# Dumplings



## Potholder

Sure could use some advice.  My efforts to make flour based dumplings for a chicken or a beef stew fail miserably.  As soon as they hit the hot liquid they start to absorb it like a piece of fresh bread and I end up with a pot full of soggy mush.  I've tried steaming the raw dumplings first to "harden" up the surface but all this did was delay for a very short time the trip to mushdom.  One cookbook says "...avoid putting dumplings directly in the hot broth....".  I can't figure out how to cook them in the stew without putting them in the broth.

Is there somebody who can give me a bit of advice - or a lead on where I can get a little smarter?  I sure like dumplings but not when they swell up to fill the whole pot!!


----------



## skippysan

I am no expert and have never made dumplings before... but maybe smaller dumplings?


----------



## kyles

I need some more information, Can you post your dumpling recipe, or tell me if the raising agent is self raising flour or if it's yeast?
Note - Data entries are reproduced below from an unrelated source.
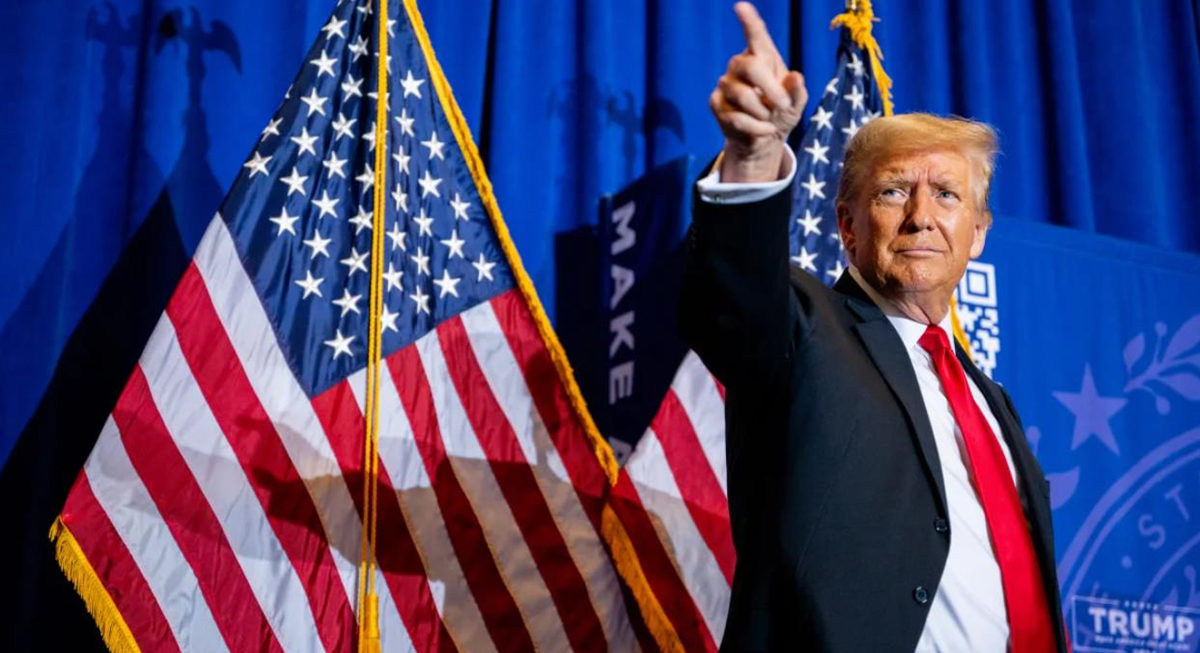 Новини світу - Трамп похвалив промову Венса в Мюнхені
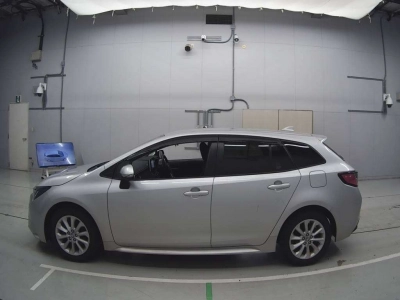 TOYOTA COROLLA WAGON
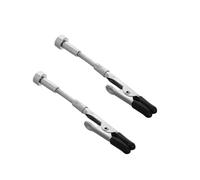 Cabilock 2 Pièces Outil Troisième Main Magnétique avec Pinces Bras Flexible pour Soudure et Réparation de Circuits Électroniques Support Stable pour Cartes Mères Téléphone et Pc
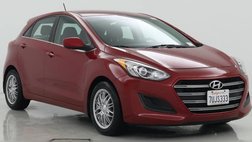 2016 Hyundai Elantra GT Base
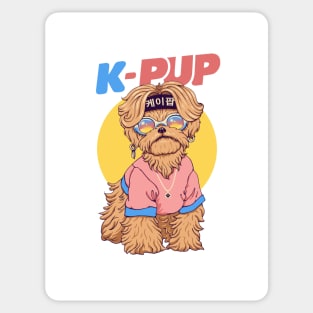 K-Pup Sticker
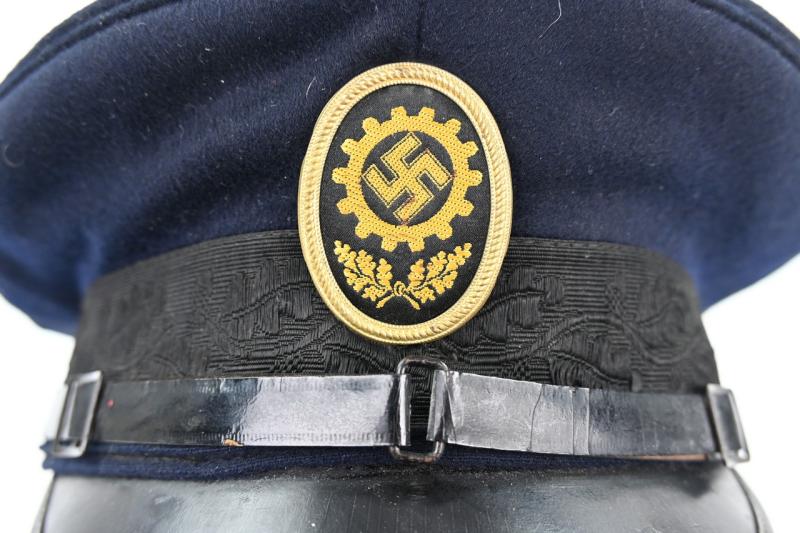 German DAF Visor Cap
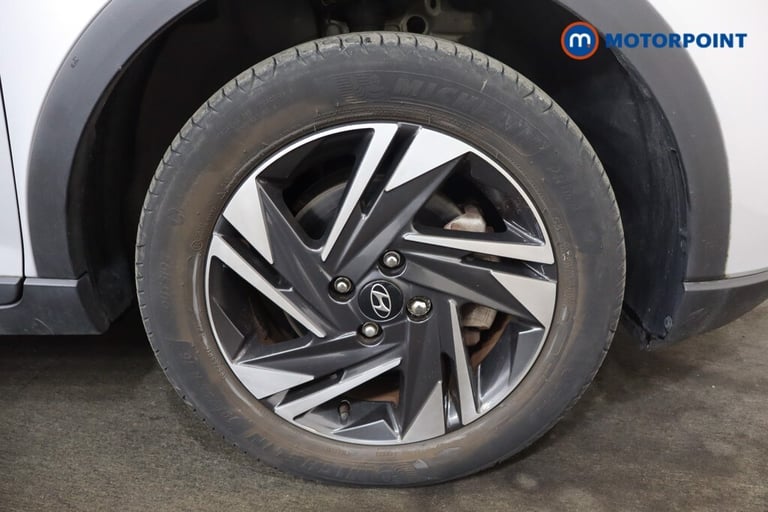 2021 Hyundai BAYON 1.0 TGDi 48V MHEV SE Connect 5dr DCT SUV Petrol Automatic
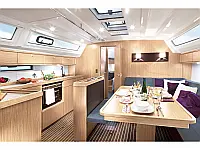 Bavaria Cruiser 46 - Internal image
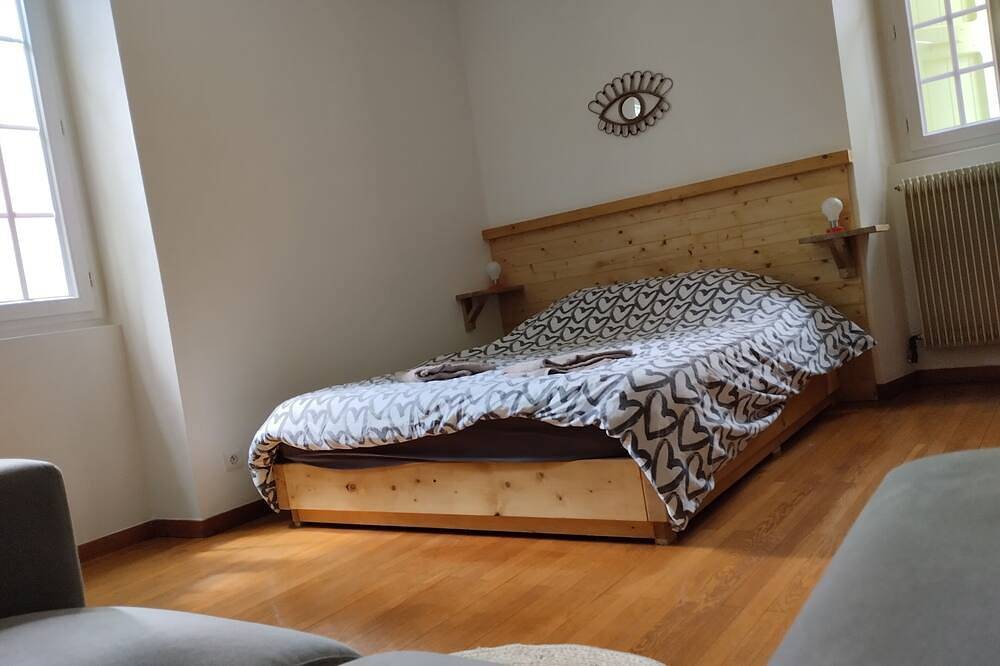 Apartamento entero, Le Pommier\" apartment in farmhouse in Varces-Allières-et-Risset, Vercors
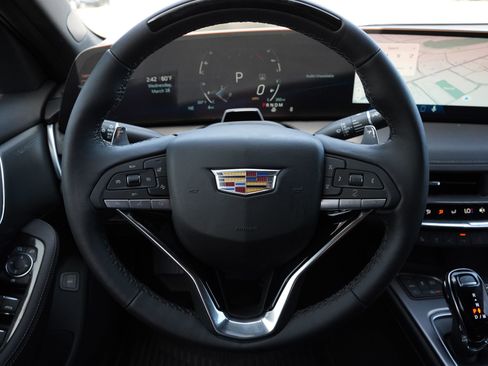 New 2026 Cadillac CT5 Premium Luxury image 10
YOu could have more success with a yeast based dumpling. Also what fat is in the dumpling. Butter and selfraising flour make light dumplings, but they end up being sponges and falling apart. Lard or suet and yeast based dumplings tend to be more resilient and keep their shape.

And is your broth a light liquid or thicker like a gravy? The lighter the liquid the more of it is going to be absorbed into your dumpling and the mush potential is greater. 

Good luck!


----------



## scott123

A few tips on getting firmer dumplings:

Less liquid in the recipe
Less leavener - I use none
Make sure your broth is fully simmering
Let your dumpling batter sit a while for the starches to fully hydrate


----------



## -DEADLY SUSHI-

My grandmother used to freeze the suckers.... then threw them in boiling hot water. Took them out and put them in the actual entree at the very end of the cooking process. I remember cause I used to steal them while they were cooling.  I ate about 7 or 8 of them once. She wanted to kiil me!


----------



## northernMIcook

When I make dumplings, I drop them right onto meats or veggies that are at the top of the stew. They should kind of sit half into the liquid and half above. Maybe you have too much broth. You could try taking some out and then after the dumplings steam...put it back. I put the lid on after I drop them in ...to steam them. The batter should be a little thinner than a bisciut dough. In fact, something you might want to try is to use a biscuit mix like Jiffy and add a little extra milk (to thin it some) and parsley (for a little color). That will make a fairly nice dumpling for stew. I have a sister that does that. Good Luck


----------



## Potholder

skippysan said:
			
		

> I am no expert and have never made dumplings before... but maybe smaller dumplings?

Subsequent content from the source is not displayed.